Even though the theory seems simple – visualize what you are about to do and you will actually do it – you have to be reasonable and keep your expectations within reasonable reach. Imagine what visualization can do to your delicate ego if you picture yourself bench pressing 300kg with angelic ease, apply that to practice, but in reality you can hardly bench 100kg. Disregard overly expressive faces of the buffs around, that is not your point of attention at the moment. Keep in mind that you are trying to think of what YOU CAN achieve. Have a clear idea of your immediate and long-term goals, generate purpose, faith and needed willpower to give you enough confidence in overcoming obstacles. Visualization takes practice and concentration, so don’t give up on it if you are not successful straight away. It may be one of the few things that you can do to overcome your genetic limitations.
Use visualization as your guide to achievement. Practicing something in your head, whether it is a powerful squat or a heart-pumping run, can make the difference between a mediocre performance and a spectacular one. Your brain thinks in pictures, and creating a visual image of a victorious exercise completion in your mind is an extremely compelling way of getting something done. Use this technique before and during your training session and you will notice immediate improvements.

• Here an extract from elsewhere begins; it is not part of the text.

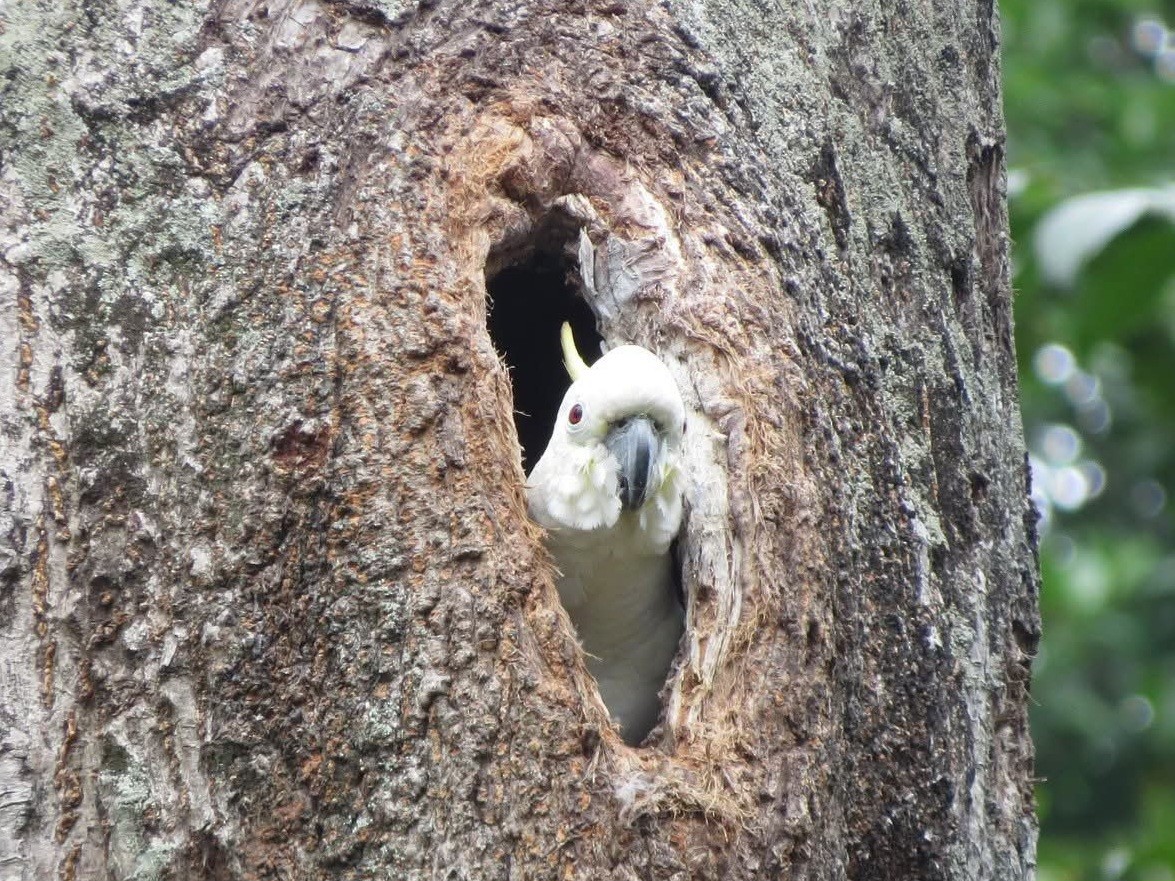 Yellow-crested Cockatoo - ML640691348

Visualization is a form of self-hypnosis that can be applied to practically anything you anticipate bringing strength, confidence and energy to the actual happening. First, relax yourself by closing your eyes and taking 10 deep breaths. Before you get to the gym, visualize the place and the equipment you plan to use. While using all of your senses, try to feel inspired by the sounds you hear and the people you see. During the workout, envision any particular move you find hard to perform, feel the strain and see yourself getting through the obstacle. Re-experience the feelings of confidence and strength when you are actually completing the movement.